-- What the task asks --
Would you return the data exactly as given, except for its pictures?

-- Supplied information --
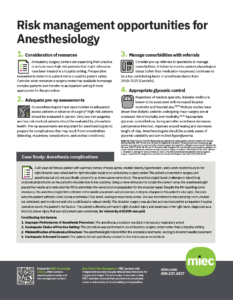 Preview thumbnail of anesthesiology_opportunities PDF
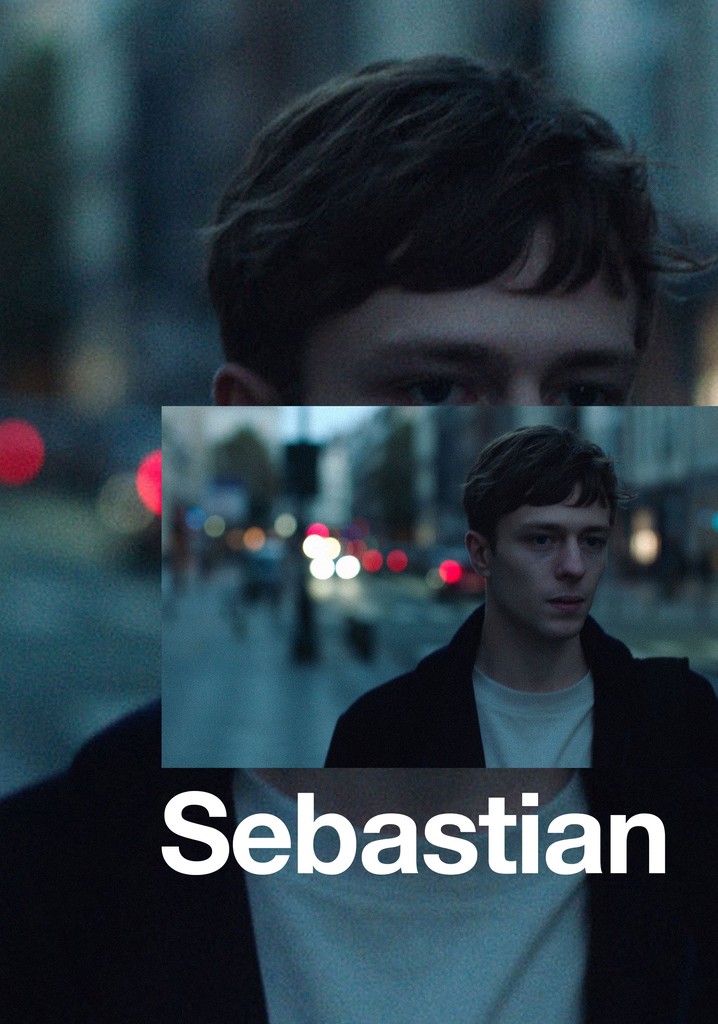 Sebastian streaming where to watch movie online?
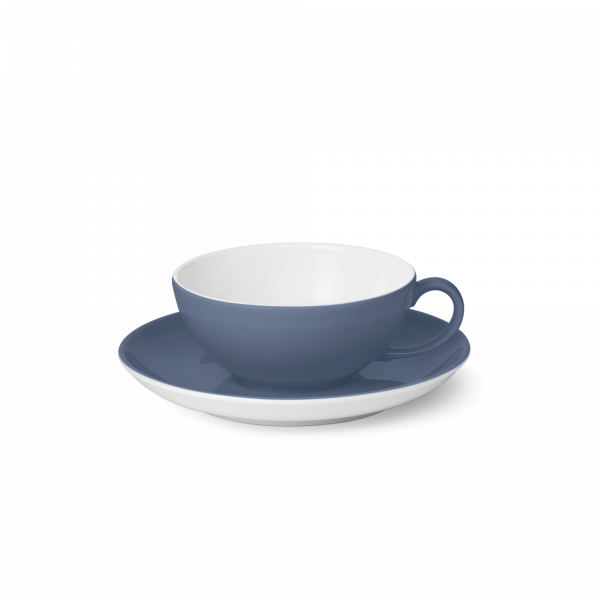 Dibbern Set Tea cup Indigo (0.22l) S2012000058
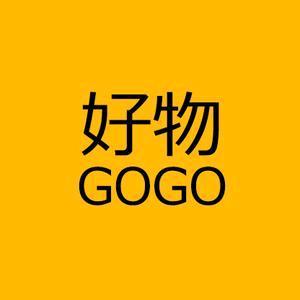 莲心好物小铺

-- Result --
 Preview thumbnail of anesthesiology_opportunities PDF
 Sebastian streaming where to watch movie online?
 Dibbern Set Tea cup Indigo (0.22l) S2012000058
 莲心好物小铺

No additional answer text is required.